The Vatican is still struggling to define what title the former pope will have, and whether he will be attending the inauguration Mass of his successor.

Each of the issues has potentially far-reaching consequences for the delicate relationship between a living ex-pope and his successor, who will be living a few hundred metres apart within the Vatican walls.

According to a senior Vatican source, the initial reaction to Benedict’s announcement — shock mixed with admiration — is being replaced by “dismay”, and even “disappointment”.

The Pope’s resignation, though considered in church law, caught the Vatican machine utterly unprepared, and observers say it’s still too early to evaluate its long-term effects.

In an interview with the Italian daily Corriere della Sera this week, Cardinal Walter Kasper, a respected German theologian and longtime head of the Vatican’s ecumenical office, said that the role of the Pope and of the Vatican Curia will have to be reconsidered in light of Benedict’s decision.

The “sacred aura” that has come to surround popes in the last two centuries, he said, “is now somewhat lost”.


Who is in charge of the Catholic church until they decide?

As of 8pm on February 28, Pope Benedict XVI will no longer be Pope and the Vatican will go into ‘sede vacante’ mode —  a vacancy in the seat of St Peter.

So who’s in charge until a new pope is chosen?

The ‘interregnum’ between two popes is governed by ancient rituals and institutions half-forgotten, even within the Vatican.
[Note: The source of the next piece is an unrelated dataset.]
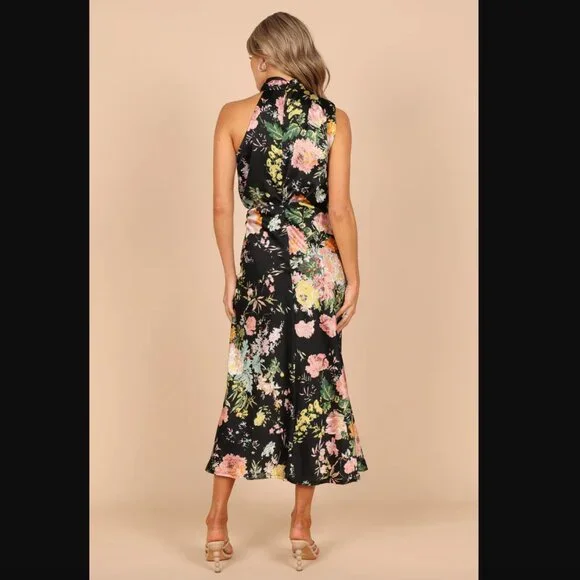 Petal & Pup Anabelle Black Floral Satin Halter High Neck Midi Dress XL - Picture 3 of 11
But it is also the only time that the Catholic Church comes close to resembling a democracy, with the College of Cardinals acting somewhat like a Parliament with limited powers as it prepares to choose the new pontiff in a closed-doors conclave.

 According to Universi Dominici Gregis, during the ‘sede vacante’ period all the heads of Vatican departments “cease to exercise their office”.
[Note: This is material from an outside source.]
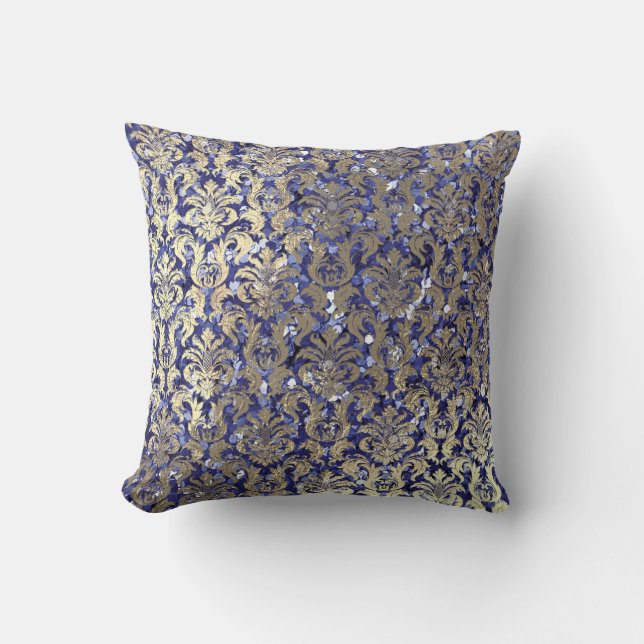 Indigo Blue Cobalt Damask Sequin Champaigne Gold Kussen (Voorkant)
The only officials to remain in their posts are the Vicar of Rome, who provides for the pastoral needs of Romans, and the major penitentiary, who grants absolutions and dispensations.

The Vatican’s secretary of state, Cardinal Tarcisio Bertone, will also lose the post that’s the rough equivalent of a prime minister.

But Cardinal Bertone also holds the post of camerlengo of the Holy Roman Church. Together with the Apostolic Chamber, he runs the Vatican state and is in charge of the church’s money in the absence of the Pope.

In preparation for his resignation, Benedict on February 13 appointed Archbishop Giuseppe Sciacca, deputy governor of the Vatican City State, as auditor general of the Apostolic Chamber, a position vacant since 2010. He will act as a sort of legal adviser to the camerlengo and vice-camerlengo, retired Italian Archbishop Pier Luigi Celata.

 During the period between popes, the dean of the College of Cardinals (Cardinal Angelo Sodano) presides at the daily meetings of the cardinals that effectively run the church on an interim basis.

But as he is over 80 and won’t have the right to vote, his place will be taken by the most senior member of the College of Cardinals, Giovanni Battista Re.

The power of the assembly of cardinals is limited. According to John Paul’s 1996 instructions, its sole task is to “dispatch of ordinary business and of matters which cannot be postponed” and to prepare the conclave that will elect the next pope.

In the daily congregations, attended by all cardinals of voting age (under 80) present in Rome, they decide by majority vote.

Once the conclave elects the new Pope and he accepts, governance of the Vatican returns to the Pope’s hands.